In summary, QPM grating design based on the conventional pole-before-etch process results in wide distributions of SHG wavelengths produced by different waveguides (I), even when the knowledge of TFLN thickness is available (IIa, IIb). On the other hand, the etch-before-pole process reported in this work allows complete information of the waveguide cross-section geometry to be considered for the QPM grating design (IIIa, IIIb), and thus are expected to improve yield on devices meeting target operating wavelength specifications. Finally, we note that while aperiodically poled QPM designs (IIb and IIIb) are expected to yield devices with more ideal SH spectra (Fig. 3b) and improve yield on devices meeting specifications, its advantages must be balanced against the significant metrology overhead (Supplementary Note 1) incurred compared to periodically poled designs (II/IIIa), which only require coarse mapping of the LN film thickness (e.g. only one measured point near the middle of the waveguide).

The preceding analysis makes the assumption that the measurement tools and strategies used are perfectly accurate and precise. However, in practice, both random and systematic errors can be present in measured data, thus providing inadequate simulation inputs. While random errors are hard to calibrate out and will result in a finite width of the measured SHG distribution, the systematic errors that result in displacement of the measured wavelength from the 737 nm target can be calibrated out (Fig. 3c). This can be accomplished by poling and measuring a subset of calibration devices that are processed under identical etch and metrology conditions from the full sample to obtain a calibration curve that is used to adjust the fabricated grating periods on all remaining devices.

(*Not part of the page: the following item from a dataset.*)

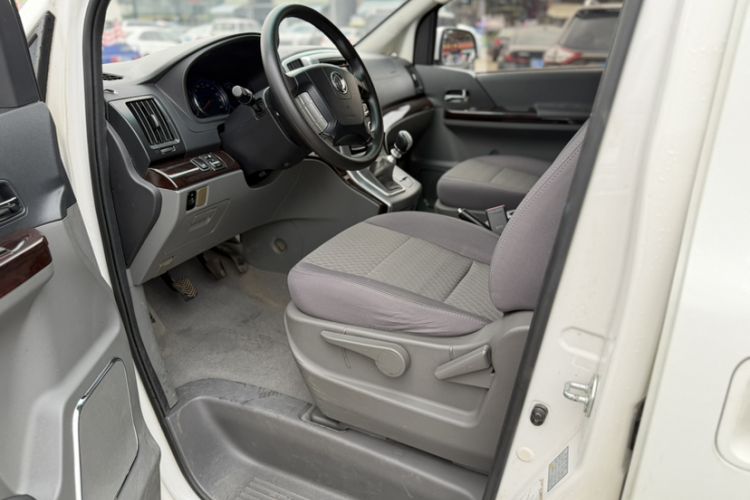 Used FORTHING CM7 2014 2.4L Manual Business Edition Interior 8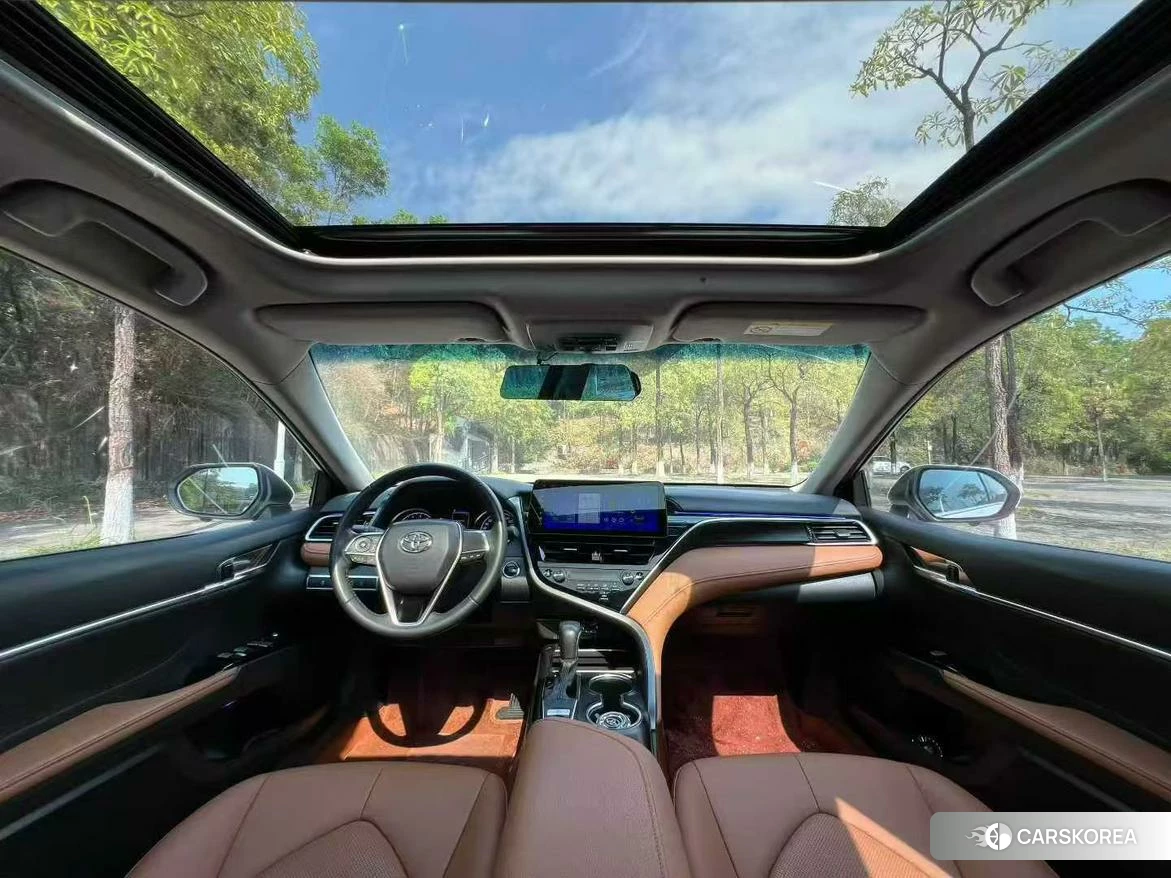 Toyota Camry 2022 Белый из Китая, фото 4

The calibration sample, fabricated on the same wafer, consists of a number of QPM waveguides with QPM grating period Λ^(sweep) = 2π/(∣Δk^(sim)∣ + Δk_sweep) which is intentionally swept, with Δk_sweep taking on values from −0.110 μm⁻¹ to +0.110 μm⁻¹. Therefore, the expected SHG wavelength changes as a consequence of the varying sweep value, as shown by the orange markers in Fig. 3d. In the case of perfect metrology, the measured SHG wavelength (Fig. 3d, green markers) should be the same as the expected SHG wavelength. However, we find that the QPM grating spatial frequency, K = 2π/Λ, for a device generating peak SH at λ_SH is displaced from the simulated phase mismatch for that device by Δk_offset ~−0.645 μm⁻¹ (Fig. 3d). This is a result of systematic errors that could be attributed to calibration errors in metrology or lithography tools, or inaccuracies in the index model used for the waveguide materials. To account for these errors, we correct the QPM periods of all devices on the same wafer as

$${\Lambda }^{{{{\rm{calibrated}}}}}=\frac{2\pi }{| \Delta {k}^{{{{\rm{(sim)}}}}}| +\Delta {k}_{{{{\rm{offset}}}}}}$$

(1)

in order to ensure that the measured SHG spectrum peak coincides with the expected SHG wavelength. Here, we assume that Δk_offset is constant for all waveguides on the wafer.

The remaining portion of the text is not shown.